# What this task involves
Look through the entries below for the line with "Comfortable living room" and the line with "Where to begin", then give again exactly those two lines and all lines between them, minus the pictures.
== Record set
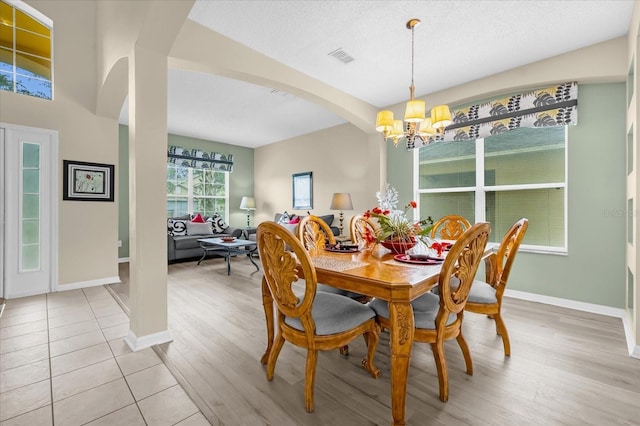 dining space featuring a chandelier, a textured ceiling, and light hardwood / wood-style flooring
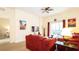Comfortable living room features plush red sofas, ceiling fan, and sliding glass door to balcony at 1109 New Providence # 141109, Davenport, FL 33897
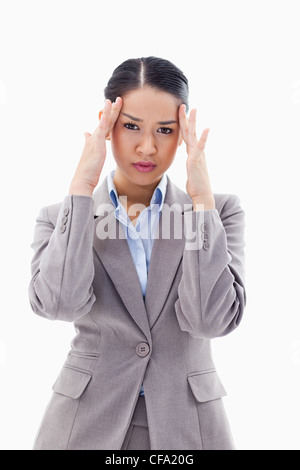 Portrait of a gorgeous businesswoman having a headache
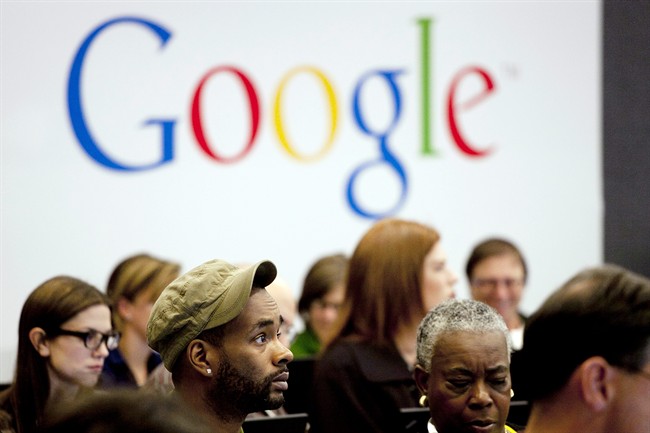 In this Wednesday, Oct. 17, 2012, file photo, people attend a workshop, "New York Get Your Business Online," at Google offices in New York. Google Inc. reports quarterly earnings on Thursday, Jan. 30, 2014. (AP Photo/Mark Lennihan, File).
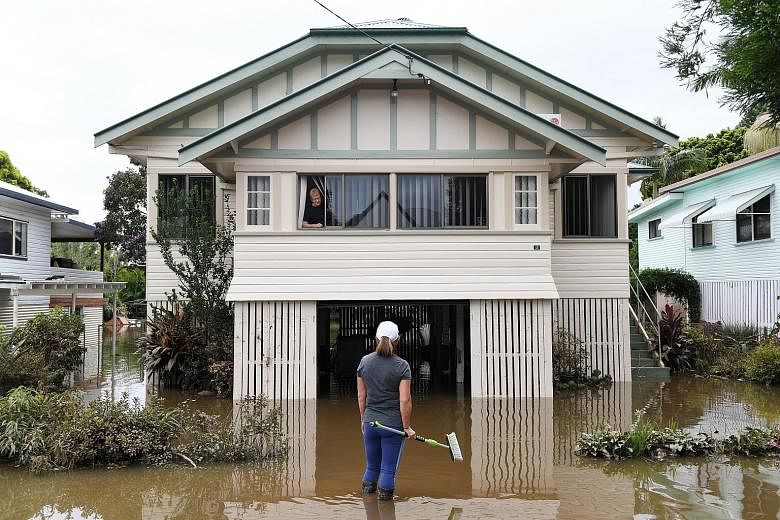 Where to begin the cleanup? The couple are among residents in the town of Lismore, New South Wales, yesterday who are returning to their homes as the flood water in their area recedes. Tens of thousands of people have been evacuated from a string of 
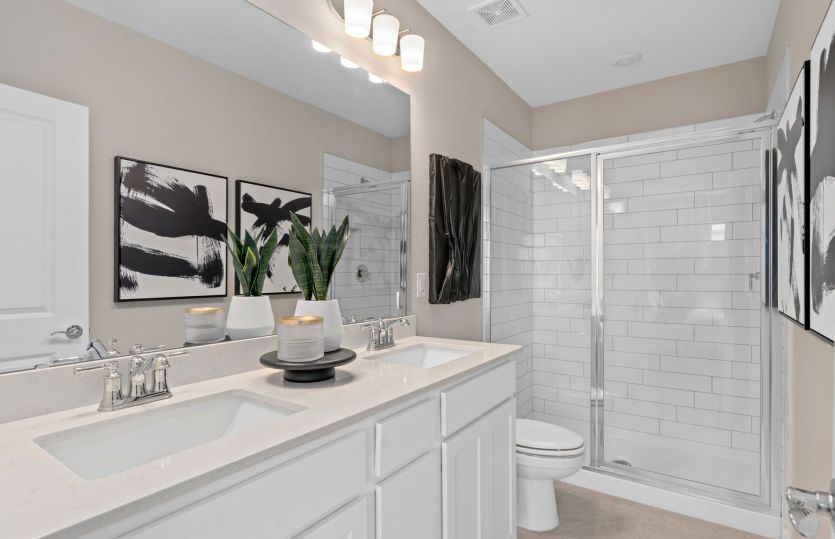 Owner's bathroom with dual sink vanity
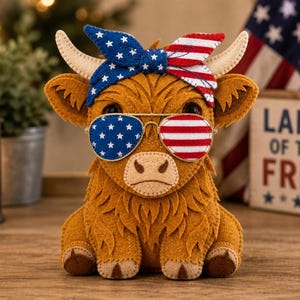 Puede incluir: Figura de fieltro de una vaca de las Tierras Altas con accesorios patrióticos. Lleva una diadema azul con estrellas blancas y gafas de sol con un diseño de rayas rojas y blancas. Un letrero de madera detrás dice "Land of the Free".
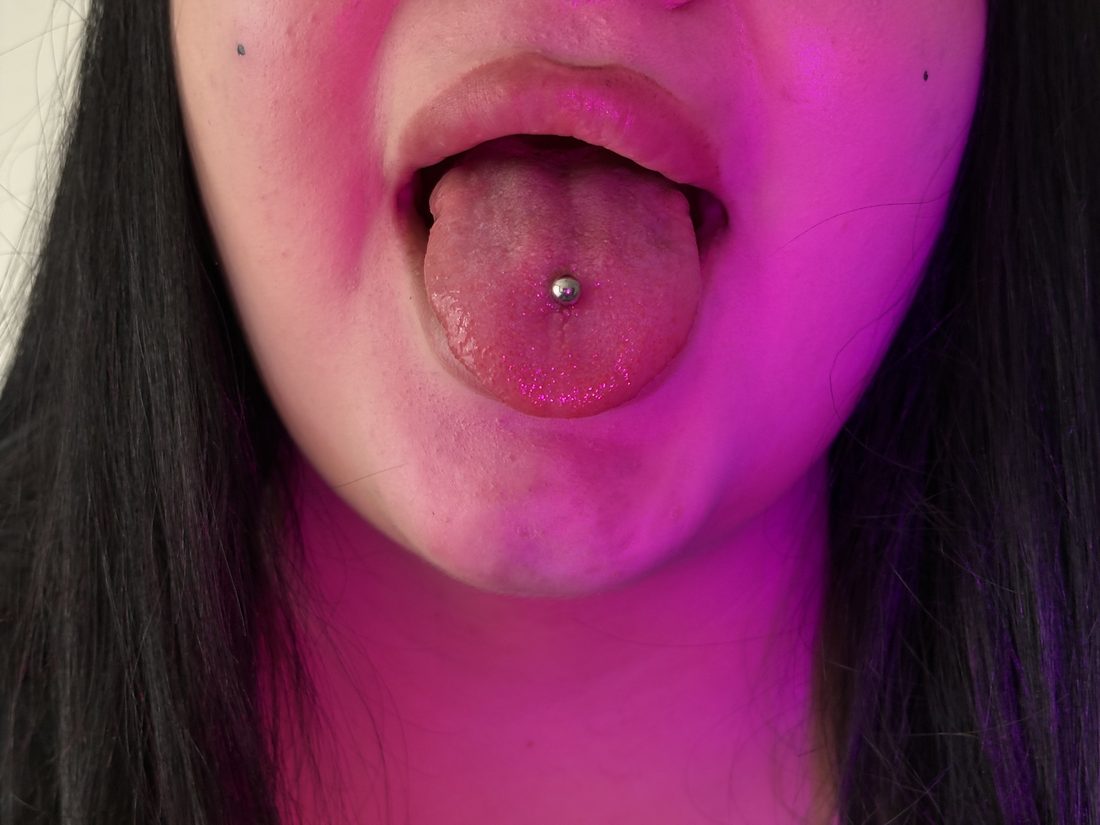 tongue piercing under pink uv light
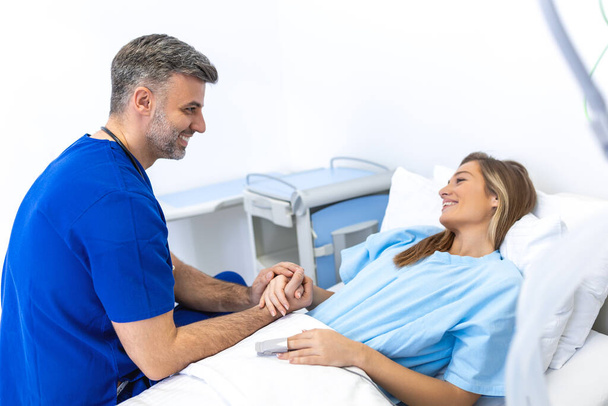 Healthcare concept of professional doctor consulting and comforting patient in hospital bed or counsel diagnosis health. Medical doctor or nurse holding patient's hands and comforting her - Photo, image
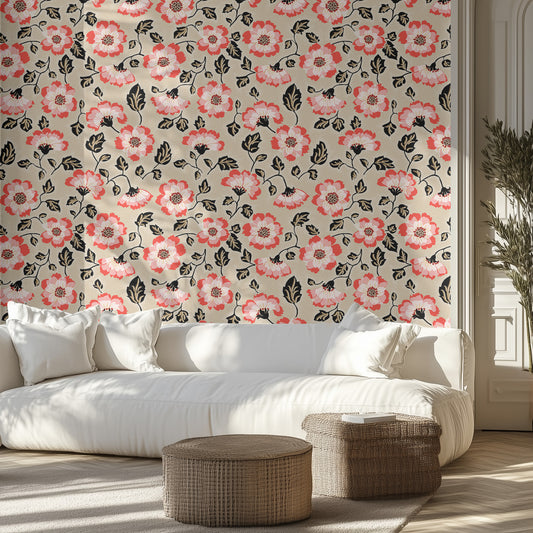 Living room with pink and beige floral wallpaper, white sofa, and wicker ottomans.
====
# Result of this exercise
Comfortable living room features plush red sofas, ceiling fan, and sliding glass door to balcony at 1109 New Providence # 141109, Davenport, FL 33897
 Portrait of a gorgeous businesswoman having a headache
 In this Wednesday, Oct. 17, 2012, file photo, people attend a workshop, "New York Get Your Business Online," at Google offices in New York. Google Inc. reports quarterly earnings on Thursday, Jan. 30, 2014. (AP Photo/Mark Lennihan, File).
 Where to begin the cleanup? The couple are among residents in the town of Lismore, New South Wales, yesterday who are returning to their homes as the flood water in their area recedes. Tens of thousands of people have been evacuated from a string of 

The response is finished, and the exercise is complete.